With a view to receiving the advice and consent of the Senate to ratification, I transmit herewith a certified copy of the Convention (No. 111) Concerning Discrimination (Employment and Occupation), adopted by the International Labor Conference at its 42nd Session in Geneva on June 25, 1958. Also transmitted is the report of the Department of State, with a letter dated January 6, 1997, from then Secretary of Labor Robert Reich, concerning the Convention.

This Convention obligates ratifying countries to declare and pursue a national policy aimed at eliminating discrimination with respect to employment and occupation.
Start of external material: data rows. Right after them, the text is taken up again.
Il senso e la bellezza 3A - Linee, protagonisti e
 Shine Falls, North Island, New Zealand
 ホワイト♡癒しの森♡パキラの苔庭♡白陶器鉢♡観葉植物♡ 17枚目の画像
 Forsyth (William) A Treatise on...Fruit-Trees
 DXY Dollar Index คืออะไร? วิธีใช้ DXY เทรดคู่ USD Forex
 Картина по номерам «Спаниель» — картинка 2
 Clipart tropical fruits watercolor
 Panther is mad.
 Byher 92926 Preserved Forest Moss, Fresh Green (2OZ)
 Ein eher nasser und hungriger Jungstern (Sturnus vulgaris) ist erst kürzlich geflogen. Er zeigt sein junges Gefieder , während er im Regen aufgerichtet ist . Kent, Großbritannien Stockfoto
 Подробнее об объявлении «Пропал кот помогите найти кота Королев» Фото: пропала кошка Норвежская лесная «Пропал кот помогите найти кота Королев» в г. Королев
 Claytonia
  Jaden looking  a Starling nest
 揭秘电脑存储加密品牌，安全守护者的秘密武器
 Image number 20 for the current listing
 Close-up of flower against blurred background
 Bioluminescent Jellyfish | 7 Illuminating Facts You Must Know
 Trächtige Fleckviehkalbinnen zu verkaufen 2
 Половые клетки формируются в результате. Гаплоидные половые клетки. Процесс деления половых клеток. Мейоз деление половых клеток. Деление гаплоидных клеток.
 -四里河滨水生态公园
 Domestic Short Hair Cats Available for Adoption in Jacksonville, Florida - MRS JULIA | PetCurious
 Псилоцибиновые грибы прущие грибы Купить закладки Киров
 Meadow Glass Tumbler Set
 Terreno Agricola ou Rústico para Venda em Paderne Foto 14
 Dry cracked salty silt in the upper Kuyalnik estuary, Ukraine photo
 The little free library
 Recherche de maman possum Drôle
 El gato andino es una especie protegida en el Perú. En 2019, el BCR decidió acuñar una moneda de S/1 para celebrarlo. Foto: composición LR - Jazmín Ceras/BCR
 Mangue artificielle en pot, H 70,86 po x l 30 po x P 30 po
As explained more fully in the letter from Secretary Reich, U.S. law and practice fully comport with its provisions.

In the interest of clarifying the domestic application of the Convention, my Administration proposes that two understandings accompany U.S. ratification.

The proposed understandings are as follows:

          "The United States understands the meaning and scope of
       Convention No. 111 in light of the relevant conclusions and 
       practice of the Committee of Experts on the Application of 
       Conventions and Recommendations which have been adopted 
       prior to the date of U.S. ratification.  The Committee's 
       conclusions and practice are, in any event, not legally 
       binding on the United States and have no force and effect 
       on courts in the United States.

          "The United States understands that the federal 
       nondiscrimination policy of equal pay for substantially 
       equal work meets the requirements of Convention 111.  The 
       United States further understands that Convention 111 does 
       not require or establish the doctrine of comparable worth 
       with respect to compensation as that term is understood 
       under United States law and practice."

These understandings would have no effect on our international obligations under Convention No. 111.

Ratification of this Convention would be consistent with our policy of seeking to adhere to additional international labor instruments as a means both of ensuring that our domestic labor standards meet international requirements, and of enhancing our ability to call other governments to account for failing to fulfill their obligations under International Labor Organization (ILO) conventions. I recommend that the Senate give its advice and consent to the ratification of ILO Convention No. 111.


                                   THE WHITE HOUSE,
                                   May 18, 1998.